Grad baby pic placard reported as child porn

A sign featuring a naked baby picture of a graduating Swedish student has been reported to police as child pornography by an offended bystander.

Although it is common for students to be supplied with embarrassing baby picture placards on their graduation day, a 48 year-old man in Landsskrona, southern Sweden, complained to police that one family had taken it too far.

The offending picture apparently featured a naked three-year-old boy in a pool with his legs akimbo. “He (the graduate in question) had in his possession a sign that showed a child in a pornographic position,” the police report said, according to local newspaper Helsingborgs Dagblad.

Lars-Olof Cederlund, of the Landsskrona police information department, said there will not be an investigation into the matter as it is only hearsay, and they so far have no idea who the youth in question was. “If a prosecutor feels the need to for us to look into this they only have to report it again,” he told Expressen.

As is tradition in Sweden, parents usually pick out the most embarrassing photograph possible well in advance of their children’s graduation. On the day the students receive their report cards, they are then driven around in the back of birch-leaf bedecked trucks, brandishing their home-made signs with a mixture of shame and pride.

Cederlund was quick to point out that a large number of Swedes could be in trouble if making placards with naked baby pictures becomes a crime. “There are many differing opinions on what could cause offence. I have four kids myself who have graduated from high school and on one of the signs we had a naked picture of my daughter when she was two or three years old,” he explained.

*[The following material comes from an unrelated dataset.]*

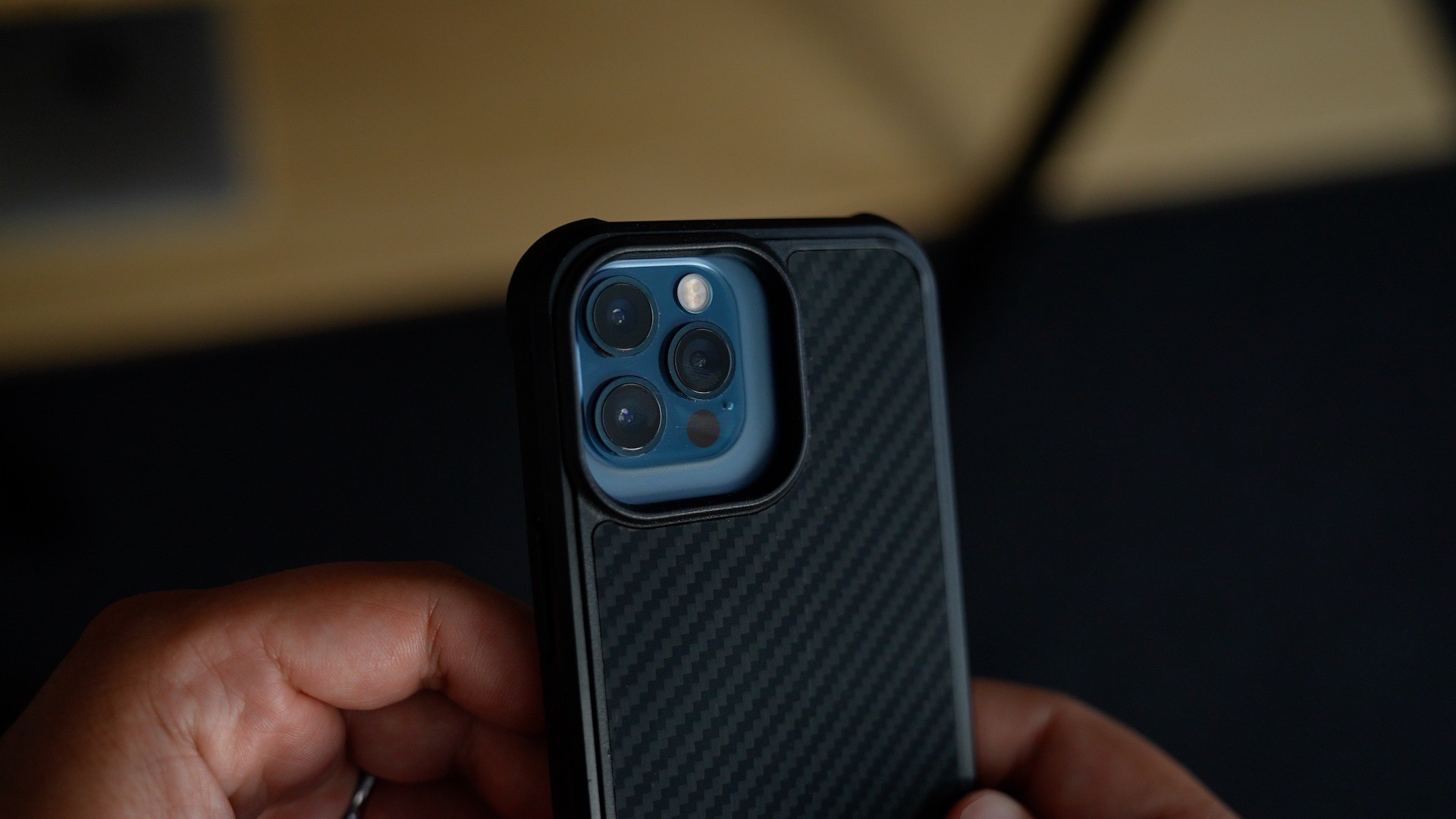 Apple được cấp bằng sáng chế mô-đun camera tiềm vọng có thể zoom quang học 3x cho iPhone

Hans Akesson, the local prosecutor, said cases such as these increasingly thrown up questions in recent years since laws on child porn were tightened. “Nowadays, the law says that someone who owns or is looking at an image of child pornography that he or she has gained possession of can be sentenced for up to two years in prison. I can’t say if the person who showed that specific picture falls under the definition ‘gained possession of’. I suppose an assessment would have to be made,” he said to Helsingborgs Dagblad.